(Provided data begins)

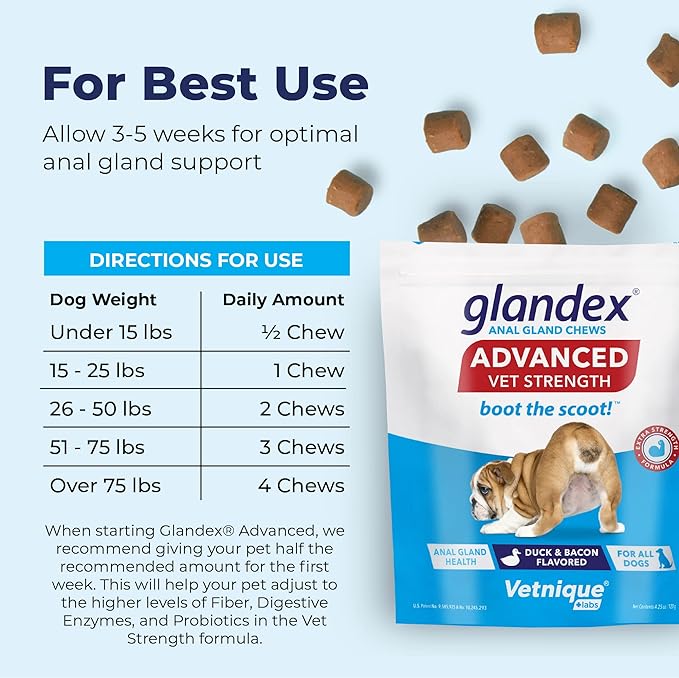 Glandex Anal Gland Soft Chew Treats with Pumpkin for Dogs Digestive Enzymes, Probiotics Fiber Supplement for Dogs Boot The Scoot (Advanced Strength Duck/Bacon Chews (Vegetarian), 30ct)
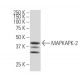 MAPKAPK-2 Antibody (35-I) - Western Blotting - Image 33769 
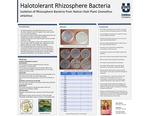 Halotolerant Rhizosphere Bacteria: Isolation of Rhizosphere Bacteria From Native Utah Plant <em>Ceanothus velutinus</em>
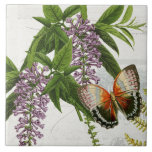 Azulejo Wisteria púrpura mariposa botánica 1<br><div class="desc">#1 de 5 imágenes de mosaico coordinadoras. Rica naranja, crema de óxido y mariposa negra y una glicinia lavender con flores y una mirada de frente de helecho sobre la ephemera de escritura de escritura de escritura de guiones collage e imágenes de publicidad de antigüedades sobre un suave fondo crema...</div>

(Provided data ends)

Description of the task:
Apart from the pictures, all of the data should be repeated exactly.

Task response:
 Glandex Anal Gland Soft Chew Treats with Pumpkin for Dogs Digestive Enzymes, Probiotics Fiber Supplement for Dogs Boot The Scoot (Advanced Strength Duck/Bacon Chews (Vegetarian), 30ct)
 MAPKAPK-2 Antibody (35-I) - Western Blotting - Image 33769 
 Halotolerant Rhizosphere Bacteria: Isolation of Rhizosphere Bacteria From Native Utah Plant <em>Ceanothus velutinus</em>
 Azulejo Wisteria púrpura mariposa botánica 1<br><div class="desc">#1 de 5 imágenes de mosaico coordinadoras. Rica naranja, crema de óxido y mariposa negra y una glicinia lavender con flores y una mirada de frente de helecho sobre la ephemera de escritura de escritura de escritura de guiones collage e imágenes de publicidad de antigüedades sobre un suave fondo crema...</div>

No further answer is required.